Bu Windy adalah wali kelas Rezvan. Wajar jika dia menghukum anak-anaknya yang kurang patuh pada peraturan. Bu Windy memang guru yang didiplin terhadap peraturan. Maka dari itu, ia tak segan-segan menjadikan anak buahnya itu sebagai buronan untuk menegakkan peraturan yang ada. Baru saja Rezvan merasa lega karena ia berpikir bahwa Bu Windy tidak melihatnya. Tapi takdir berkata lain dan Rezvan hanya bisa pasrah dengan hukuman yang telah diberikan oleh Bu windy. Ia sudah berada di depan tiang bendera dan menjalankan hukuman.
Seorang gadis berdiri menatap Rezvan dari kejauhan. Tatapan rasa bersalah. Ia berpikir, ia adalah penyebab dari hukuman Rezvan saat ini. Hati kecilnya menyuruh untuk meminta maaf atas apa yang telah terjadi dan waktu istirahat adalah waktu yang tepat.
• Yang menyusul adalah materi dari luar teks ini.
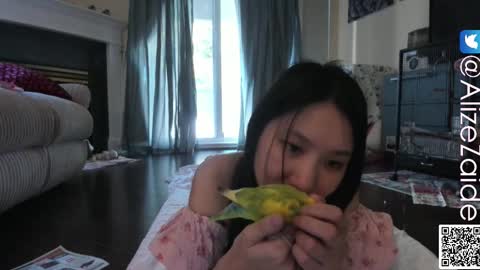 Alize Zaide online show from October 13, 2025, 8:31 pm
Lebih cepat lebih baik.
"Eh Ayis, ngapain lo diluar?" tanya Zhafira yang tiba-tiba muncul dari belakang Ayis.
"Gu-gue cuma cari angin aja." dusta Ayis dan membalikkan badanya untuk menghadap sahabatnya itu.
"Perasaan lo baru dateng deh terus lo keluar lagi." bantah Zhafira. Ia merasa heran karena baru saja Ayis masuk kelas sehabis mengumpulkan tugas dari Bu Windy tadi dan ia langsung keluar lagi.
"Yah pengen hirup udara luar lagi aja." jawab Ayis menutupi niat keluarnya saat ini. Sebenarnya ia keluar untuk melihat Rezvan yang sedang dihukum panas-panasan di sebelah lapangan basket.
"Oh yaudah, yuk masuk, bentar lagi gurunya dateng." ajak Zhafira pada Ayis. Akhirnya Zhafira percaya dengan ucapan Ayis barusan. Ayis hanya diam dan mengangguk sebagai jawaban dari ajakan Zhafira tadi dan mereka masuk ke dalam kelas.